É cada vez maior a necessidade de se apropriar da cidade. Por um tempo vivemos convencidos de que isso era apenas obrigação do poder público, mas vimos que isso é assunto nosso. Então por que você não vai arrumar a praça em frente à sua casa, por exemplo? Ela também é sua. Claro que há questões políticas envolvidas, mas vejo que está aparecendo uma nova forma de se relacionar com a cidade. E a arte está presente nisso, pois ela consegue questionar essas fronteiras entre o poder público e a atuação como cidadão, artista ou ativista. Um dos papéis da arte é suscitar esses questionamentos.

No ato do desenho de observação temos a permanência, a qual provoca uma reflexão sobre o pertencimento àquele lugar, uma escuta de quem vive ali. Engraçado como as coisas são cíclicas! Vejo o desenho como uma intervenção, uma intervenção que incomoda. Mas outras vezes atrai, provoca o encontro. Enquanto desenho, aproxima-se alguém e pergunta o que estou desenhando, começa uma conversa. Então, estar num lugar é um ato muito performático. No entanto, no terreno de São Paulo, que muitas vezes se apresenta hostil – falo isso porque em ocasiões já fui proibida de praticar o desenho de observação –, a cidade é um pouco proibitiva.

Largo da Batata

O movimento do Largo da Batata (Batata Precisa de Você realiza ações culturais e de revitalização do Largo, na capital paulista, desde janeiro de 2014) é uma apropriação do espaço público, da praça cívica. Não é à toa que os atos de protestos são tão vinculados àquele espaço.

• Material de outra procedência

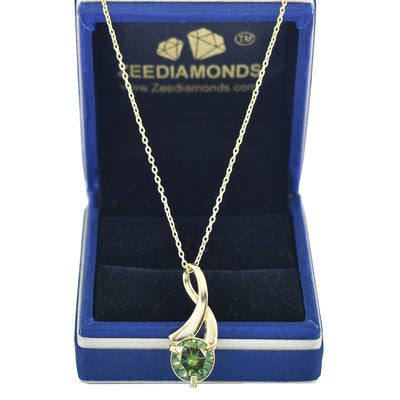 Certified 2.90 Ct Blue Diamond Pendant in 925 Silver with Yellow Finish, Elegant Look & Great Sparkle! Gift For Birthday/Wedding! - ZeeDiamonds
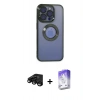 MARSİLYAN™- iPhone 15 Pro Kılıf Pusula Form - Siyah Bilvis 5in1 3D Magic Cam Ekran Koruyucu + Raze Metal Kamera Lens - SH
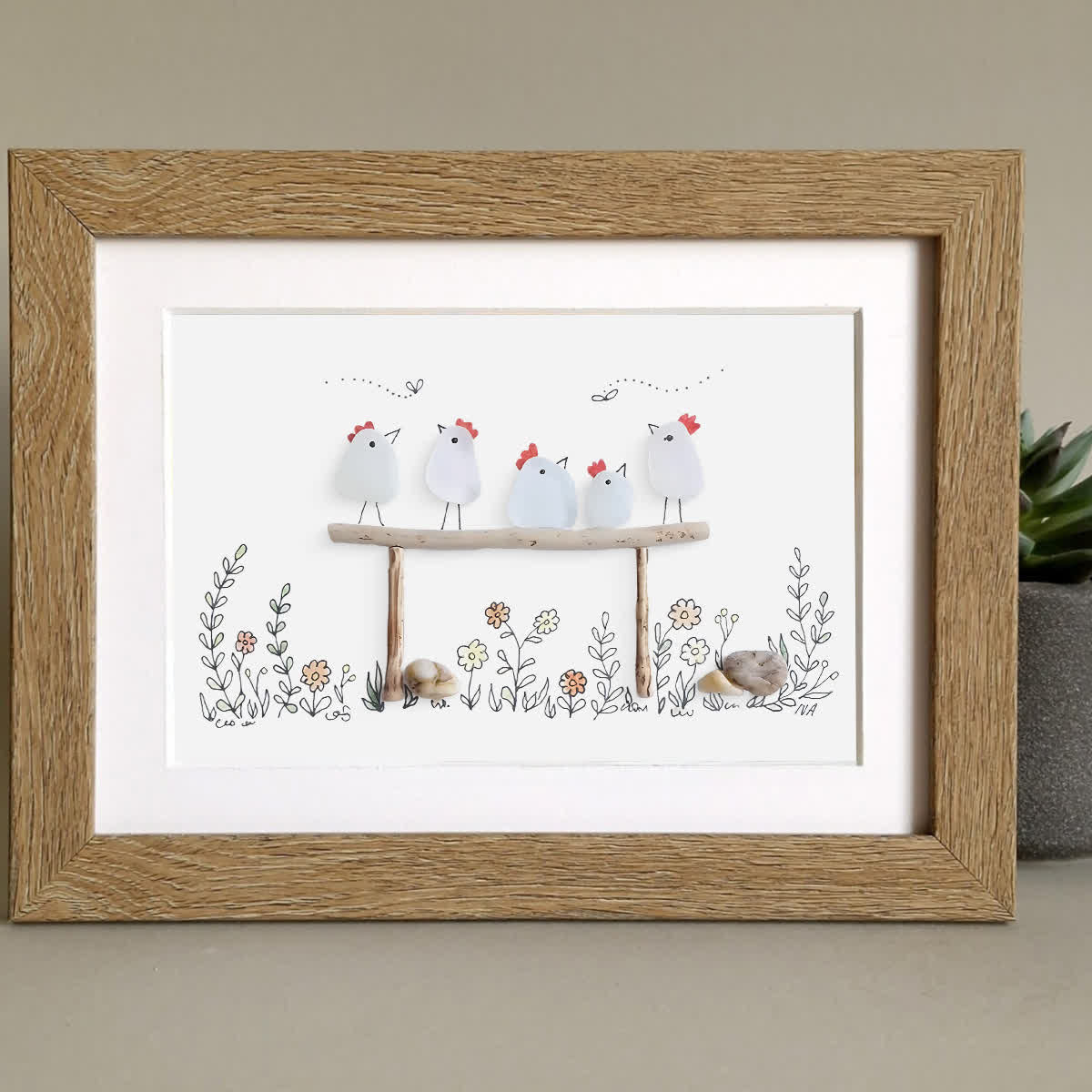 Chicken Family Farmhouse Sea Glass Framed Art - image 3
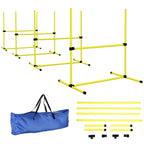 PawHut Set of 4 Agility Dog Training Hurdles, Adjustable Height, with Carry Bag, Yellow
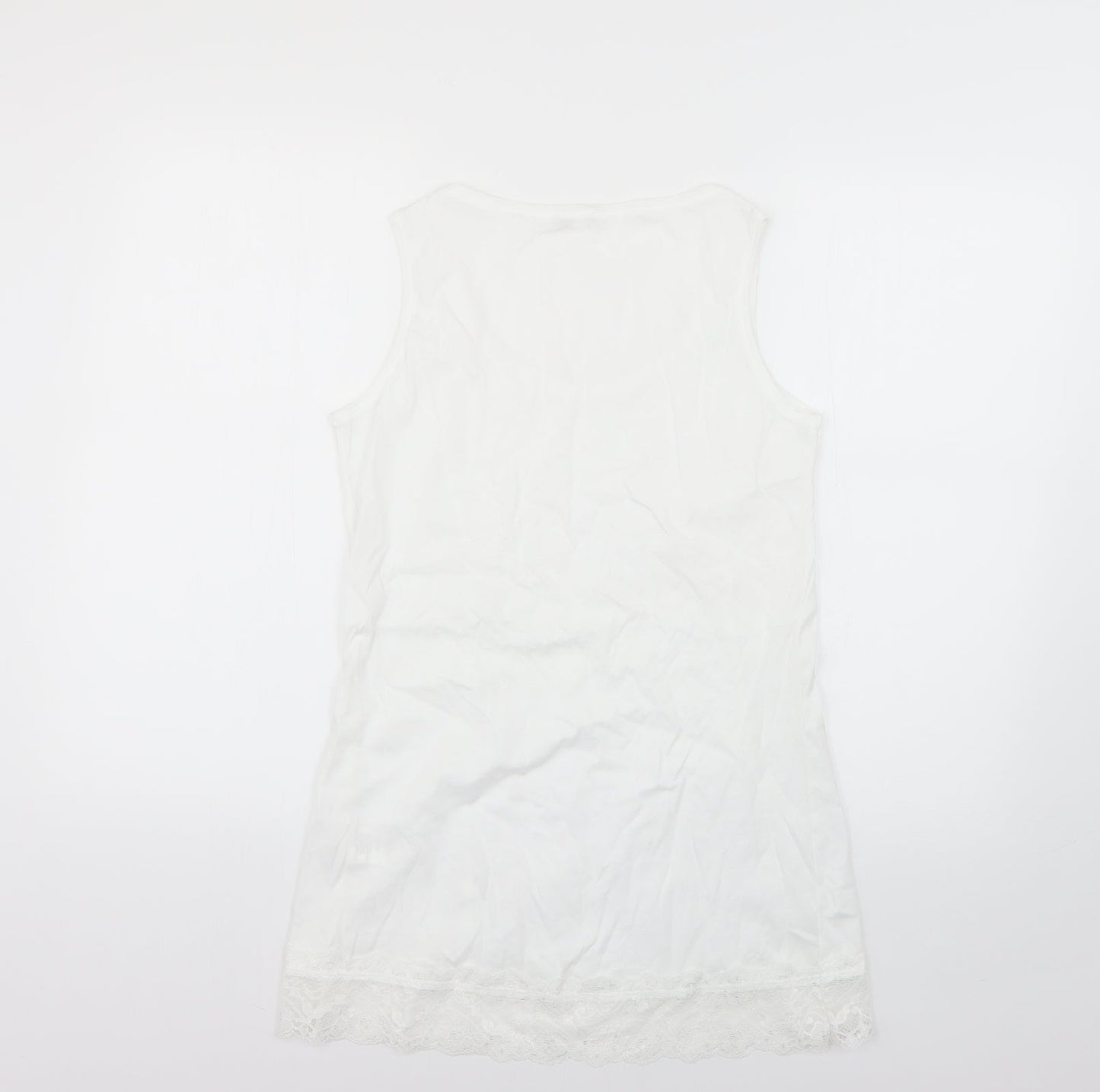 Womens UK Size 10 Preworn White Basic T-Shirt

É uma onda que representa o movimento para pertencermos às regiões que frequentamos.

Movimentos assim não transformam só o espaço, mas as pessoas. Em 2010 realizei o trabalho Memória da Paisagem do Largo da Batata, que ainda considero atual porque mexe com a memória. No meu caso, no trabalho com memória urbana utilizo a linguagem do desenho.

Cinema em construção

É um trabalho horizontal e precisa ter um maestro, no caso, o diretor. Ele desempenha uma função agregadora que o diferencia do roteirista, do diretor de arte. Um filme não acontece sem a parceria da equipe. É parecido com uma banda de música.

Em especial sobre a direção de arte, é difícil ler uma crítica que a aborde. Adoraria ler uma que contemplasse a direção de arte, a fotografia, a edição de som. As análises ficam restritas à figura do diretor, do ator, o que reduz reflexões importantes para a evolução do cinema. Seria incrível ampliar a noção das várias etapas envolvidas no cinema.

Por exemplo, no filme Era o Hotel Cambridge [dirigido por Eliane Caffé, do qual Carla é responsável pela direção de arte], percebi quanto a etapa da pré-produção pode se comunicar com a arquitetura. Geralmente focamos na produção, ou seja, no filme pronto, mas as etapas que antecedem a filmagem são inspiradoras.

Nesse filme envolvemos na pré-produção a Escola da Cidade (escola de arquitetura de São Paulo), porque ele aconteceu dentro de uma ocupação. Decidimos que filmaríamos na ocupação Cambridge e, como dou aula na Escola da Cidade, sei quanto o tema da habitação é relevante numa escola de arquitetura. Por isso, resolvi fazer com que os alunos participassem dessa etapa. Fizemos um acordo: a escola daria o desenho da direção de arte e a equipe executaria esse desenho, o que abriu possibilidades inovadoras de trabalho.

Percebi quanto o cinema poderia estar atrelado à arquitetura. O cinema hoje em dia é tão independente tecnologicamente que permite a abertura de diferentes frentes de atuação, nas quais trabalhamos com mais criatividade.